FOMC, Inflation and 'Wen Pivot'
What Jerome Powell tells us about the next interest rate hikes.
This is Truflation’s newsletter, where we recap some of the important events, data, and voices in macro and the markets.
In this episode, we’ll cover the following:
Last weeks the markets lived with a hope of the 'Fed Pivot' once again, while the Fed officials were unable to provide any indication due to the standard FOMC media blackout.
Banks, analysts, and media jumped in to fill the void:
Bloomberg covered Morgan Stanley's strategist, Michael Wilson, who suggested there would be "a Fed pivot sooner rather than later."
Wilson and other analysts pointed to the yield curve inversion between 10-year and three-month Treasuries, a reliable recession indicator.
The inversion of the Fed’s preferred yield curve fueled a lot of Pivot narratives ahead of the FOMC.
It added to the yield inversion of the 10-year and 2-year Treasury bonds, another important recession indicator that happened in July 2022, reaching the worst numbers since 2000.
Blackrock told its investors to anticipate a "pivot language" after the FOMC meeting.
All that, plus the ambiguous Tweets and WSJ articles by Nick Timiraos, were enough to send the markets into mini rallies ahead of the Federal Open Market Committee deliberations.

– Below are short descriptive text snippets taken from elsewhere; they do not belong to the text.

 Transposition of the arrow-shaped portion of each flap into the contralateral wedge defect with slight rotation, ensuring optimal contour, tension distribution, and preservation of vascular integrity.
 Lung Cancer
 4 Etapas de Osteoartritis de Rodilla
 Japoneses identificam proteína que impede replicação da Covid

WSJ Nick is sometimes called "Nicky Leaks" and is considered the unofficial Fed spokesman during the FOMC blackouts.
The November FOMC Meeting
On Nov 2, 2022, the FOMC made the 4th consecutive 0.75% rise (75bps), and the 6th rise in total, bringing the federal funds rate to a 3.75-4% range.
The 75bps hike towards the 375-400bps range was clearly communicated and largely anticipated by the markets.

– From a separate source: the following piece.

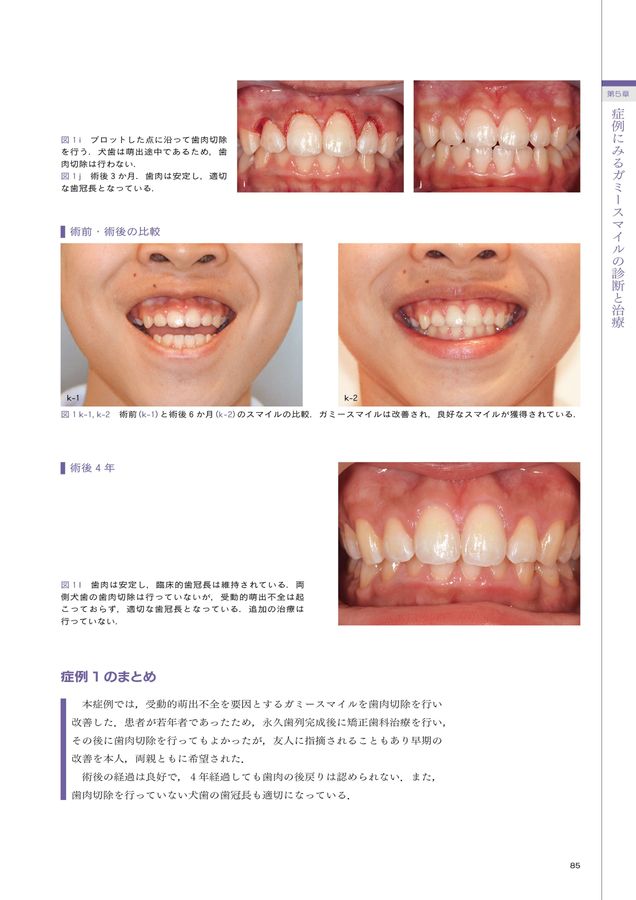ガミーページ ガミースマイル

Some markets didn’t react.
While the stocks rallied on the PR release and then crashed during the media Q&A.
Jerome’s Powell Q&A cost the markets $56 billion.

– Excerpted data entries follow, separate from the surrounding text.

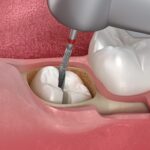 How to Deal with the Pain of Root Canals: Ottawa Dental Tips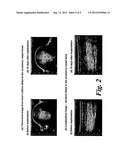 PHARMACEUTICAL KITS COMPRISING MESENCHYMAL STEM CELLS diagram and image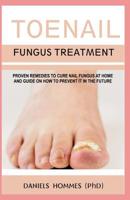 Toenail Fungus Treatment: Proven Remedies to Cure Nail Fungus at Home and Guide on How to Prevent It in the Future 1076855377 Book Cover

As many analysts noticed yet again, free markets should not be so dependent on the Central Banks’ policies and cheap money and hang on the Fed’s every word and every data release that can influence the Fed’s decisions.
Speculation and volatility were rampant with every FOMC meeting since the tightening started.
Markets closed on a red.
As the market participants dissected the FOMC press release and Jerome's Powell speech and a media Q&A, multiple new narratives emerged.
Dovish
Hawkish
Mixed
We’ve dissected the FOMC transcript and here are the sections we found interesting:
'Dovish' FOMC
"At some point, as I've said in the last two press conferences, it will become promote to slow the pace of increases to bring inflation down to our 2% goal."
The Fed will consider a slower pace of rate hikes, probably as soon as the next meeting in December 2022.
"Our decisions will depend on the totality of incoming data and implications for the outlook of activity and inflation. We will continue to make our decisions meeting by meeting (...)"
The Fed will continue to assess hikes on a meeting-by-meeting basis and analyze a wide range of current data. The data releases will remain important to gauge the Fed's next moves.
"We will take into account the cumulative tightening of monetary policy and the lags with which monetary policy affects economic activity and inflation."
The Fed will now also take into consideration wider economic metrics for the signs of cooling, but without specifying the metrics they will look at.
Hawkish FOMC
The Fed will continue "the process of significantly reducing the size of our balance sheet, which plays an important role in firming the stance of monetary policy."
We might expect some more aggressive QT.
So far, despite some promises, the Fed has been slow to shrink its balance sheet. Perhaps it will do more in this direction now. Not many analysts mentioned that point, which we find quite important.
"Incoming data since our last meeting suggests that the ultimate level of interest rates will be higher than previously expected"
The final range of interest rate hikes will likely be higher than the 4.4-4.9% predicted at the September FOMC.
"The historical record cautions strongly from loosening policy. We will stay the course until the job is done."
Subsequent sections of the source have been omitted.